The author, Leuthold Group, started with the premise that shares should gain more than Treasuries over time -- and the observation that the relationship was annihilated by the financial crisis. The Minneapolis-based fund firm wanted to see if the S&P 500 Index’s rally in the last seven years has been enough to restore balance.
In short, it hasn’t. While U.S. stocks have beaten fixed income by a bigger-than-normal margin since 2009, over any interval longer than a few years, gains in shares are still stuck near historical lows relative to bonds. Leuthold says the unusually strong performance of Treasuries versus stocks over the last few decades has generally been a bullish signal for equities and is one of the reasons it’s underweight bonds in its tactical funds.

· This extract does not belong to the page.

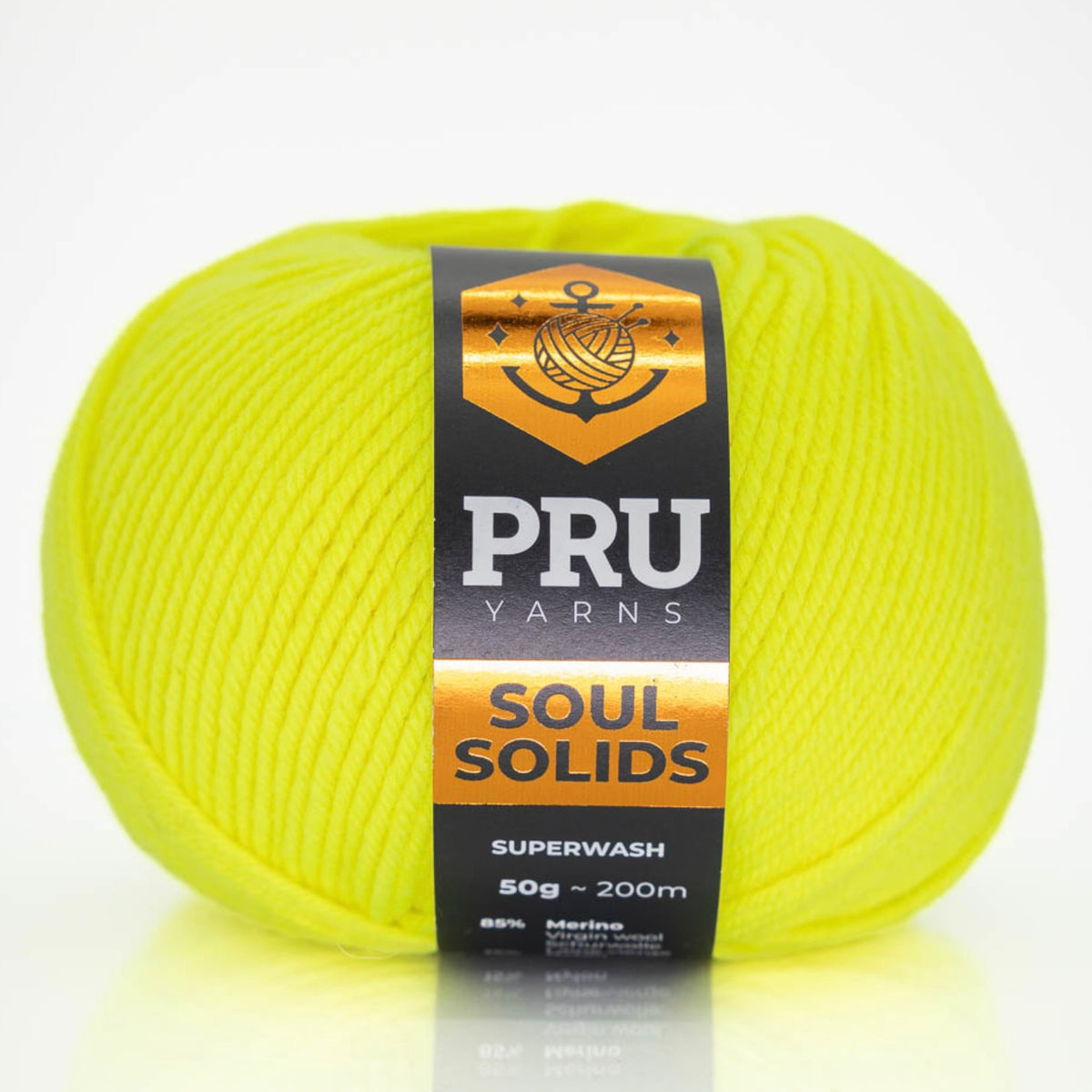 Soul Solids von Pru Yarns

“A basic assumption made by investors is that, over the longer-term, ‘riskier’ investments such as stocks should provide reasonably higher returns than ‘safer’ investments such as long-term government bonds,” Kristen Hendrickson, a portfolio manager with Leuthold, wrote in a note earlier this month. “While long-term differential readings are certainly no longer close to the extremes seen in 2009, readings remain fairly low, indicating that further differential mean reversion could be in store.”
The S&P 500 has returned 6.6 percent in 2016, compared with a 4.1 percent gain in the Bloomberg Barclays US Treasury Index. While stocks have beaten Treasuries by about 13 percentage points on an annualized basis since the bull market began in equities in 2009, more double the usual rate, Leuthold found the edge dissolves when viewed from a wider lens -- 10 years back, or 20, or even 50.

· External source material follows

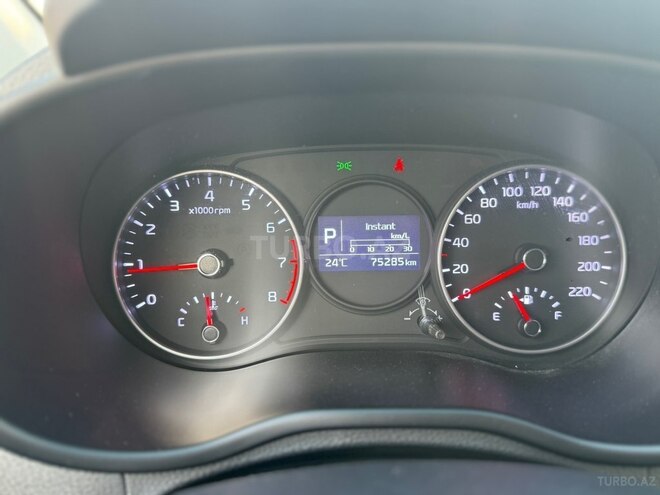 Kia Morning 2017, 75,000 km - 1.0 l - Bakı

Take 20-year returns, for instance. The S&P 500 has advanced at an annualized rate of 7.9 percent in the past two decades, compared with 6.2 percent for 10-year Treasuries. The spread of 1.7 percentage points is smaller than it has been about 85 percent of the time since 1926.
Such low readings have portended outsize gains in equities. The S&P 500 beat Treasuries by a median 11.7 percentage points in the ensuing three years when the return gap over the prior two decades was in the lowest 30th percentile of readings, data compiled by Leuthold show. That’s more than double the extra gains seen in other periods when the stock-bond performance spread was wider.
With equity prices near record highs, Treasury yields stuck around all-time lows, and the Federal Reserve considering higher rates, choosing between stocks and bonds has rarely been harder. Making it worse has been the recent tendency of the two markets to move in the same direction on the same day, something that happens when expectations about Fed rate decisions are dominating psychology.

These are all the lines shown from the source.